If you want to check it yourself, disconnect the large hose coming off your water pump from your radiator. Have it aimed at a large bucket while somebody starts your car for a few seconds and shuts it down. It should have a pretty strong flow of coolant into the bucket, if it doesn't then your waterpump is bad. Get it fixed immediately.
I won't even talk about piston wear or rod bearings (usually when these have problems there is a tapping noise) because that required a complete engine rebuild IF the engine can be saved.
One thing you could try, but I don't think it works on BMW's is turning on your heat. If you don't feel heat then your coolant isn't circulating. I think BMW's have a separate system for heating though, which makes this method ineffective. However, if you notice your engine temp getting high you should turn on your heat full blast to help cool your engine.
The best thing to do is just pull over. If the temperature is REALLY high let your car idle for 5 minutes before shutting it off. When you shut an engine off there is "heat swell", which means the engine temperature continues to rise. By letting it idle the strain on the engine is gone which doesn't create as much heat, so as long as some coolant is moving it will help cool your engine before you shut it off, and DO shut it off unless you want to cough up $6k for a rebuild.
This is good advice for anybody who finds themselves in an overheating position.
As far as checking your tires, good tip there. One thing I see 99% of drivers do is turning their wheels while the car isn't moving. You should be moving forward or backwards when turning your steering wheel, otherwise your putting a lot of stress on your tierods and power steering unit which leads to early problems. By letting your car roll forward even 1 foot while turning your tire, you're increasing the life of your steering components.

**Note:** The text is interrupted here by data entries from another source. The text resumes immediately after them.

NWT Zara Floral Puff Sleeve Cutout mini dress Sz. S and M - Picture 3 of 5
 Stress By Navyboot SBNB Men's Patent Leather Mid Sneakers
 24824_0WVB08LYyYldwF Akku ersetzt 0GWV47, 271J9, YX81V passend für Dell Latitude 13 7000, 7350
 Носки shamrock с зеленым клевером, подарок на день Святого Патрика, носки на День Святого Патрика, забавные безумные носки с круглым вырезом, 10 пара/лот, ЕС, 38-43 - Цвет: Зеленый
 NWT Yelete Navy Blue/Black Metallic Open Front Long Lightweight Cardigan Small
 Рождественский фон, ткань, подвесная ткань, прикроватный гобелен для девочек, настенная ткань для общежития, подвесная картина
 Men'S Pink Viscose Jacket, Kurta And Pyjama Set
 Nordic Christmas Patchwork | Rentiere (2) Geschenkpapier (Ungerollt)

It's just never a good idea to turn your tires if your car is at a complete stop. The more and more advanced our cars get and the more and more dependable they become, the more and more people will take things for granted. I'd put money on it that most of the people reading this never knew you weren't supposed to turn your steering wheel while your car isn't moving. It won't kill it, but it does put additional stress on the components (components are a lot better today).
04-06-2005, 04:14 PM
I just bought the car a few weeks ago, so I added the extended warranty to the car. I paid a little over 2000 for it, but it will probably be worth it. It covers a good portion of the mechanical and electronic equipment for 3yrs or 36k miles!!! I just have to keep the receipts for the routine maintenance.